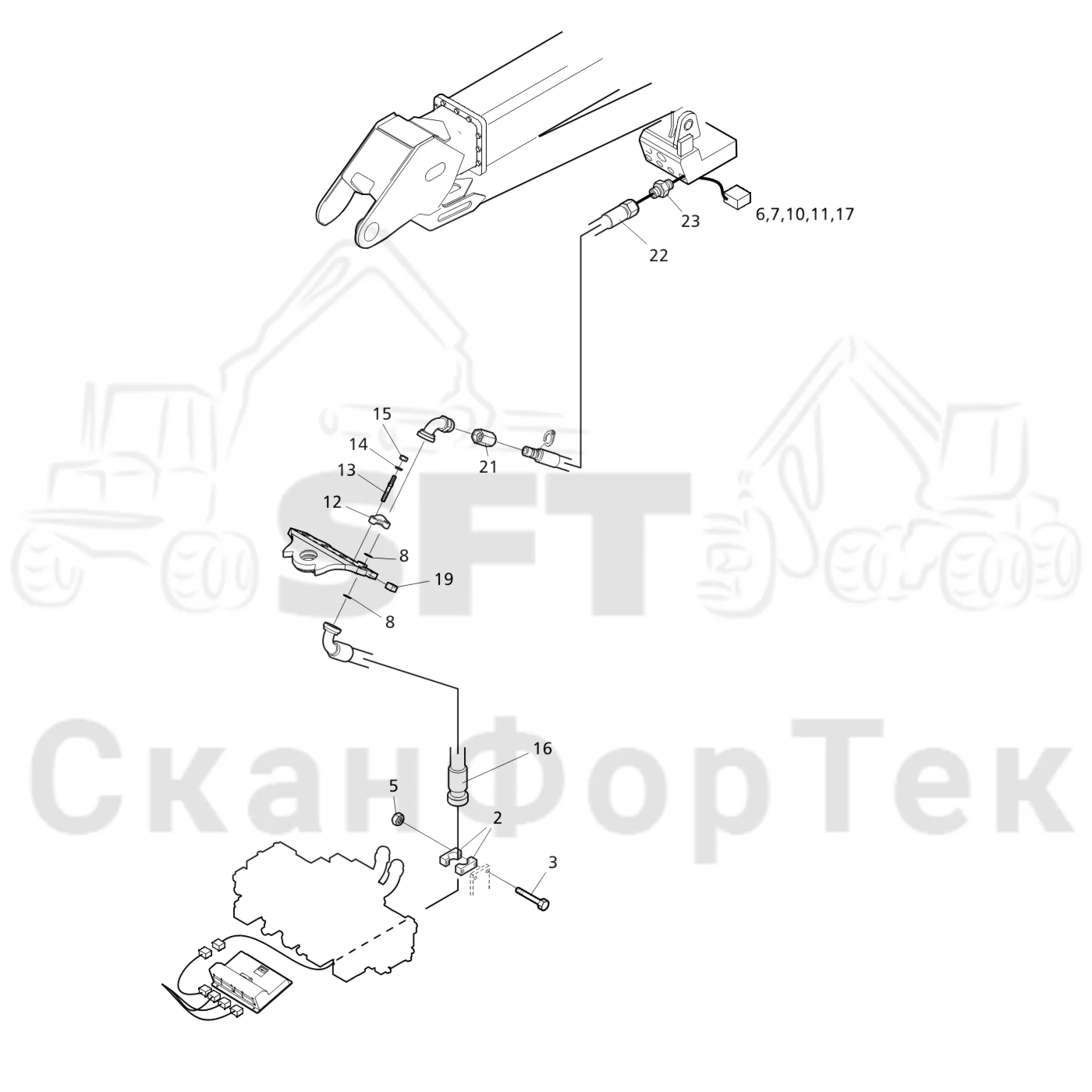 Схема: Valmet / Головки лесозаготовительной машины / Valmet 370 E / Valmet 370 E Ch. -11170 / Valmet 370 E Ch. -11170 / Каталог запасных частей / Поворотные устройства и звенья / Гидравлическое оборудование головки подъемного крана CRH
----
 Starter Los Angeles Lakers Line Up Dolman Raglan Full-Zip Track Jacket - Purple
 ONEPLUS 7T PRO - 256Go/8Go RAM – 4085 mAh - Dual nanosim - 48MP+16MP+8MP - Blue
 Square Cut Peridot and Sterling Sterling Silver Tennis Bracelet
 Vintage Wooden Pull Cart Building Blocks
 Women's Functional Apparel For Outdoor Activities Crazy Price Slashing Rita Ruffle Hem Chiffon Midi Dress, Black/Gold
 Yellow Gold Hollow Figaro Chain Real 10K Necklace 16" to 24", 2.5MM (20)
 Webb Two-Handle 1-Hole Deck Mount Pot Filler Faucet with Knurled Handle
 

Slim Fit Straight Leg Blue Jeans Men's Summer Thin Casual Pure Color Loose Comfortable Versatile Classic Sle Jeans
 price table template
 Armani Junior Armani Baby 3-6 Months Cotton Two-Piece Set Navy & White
----
> **WHAT NEEDS TO BE DONE**:
Select every line in the records above that contains the word "Blue".

> **ANSWER FOR THIS EXERCISE**:
 ONEPLUS 7T PRO - 256Go/8Go RAM – 4085 mAh - Dual nanosim - 48MP+16MP+8MP - Blue
Slim Fit Straight Leg Blue Jeans Men's Summer Thin Casual Pure Color Loose Comfortable Versatile Classic Sle Jeans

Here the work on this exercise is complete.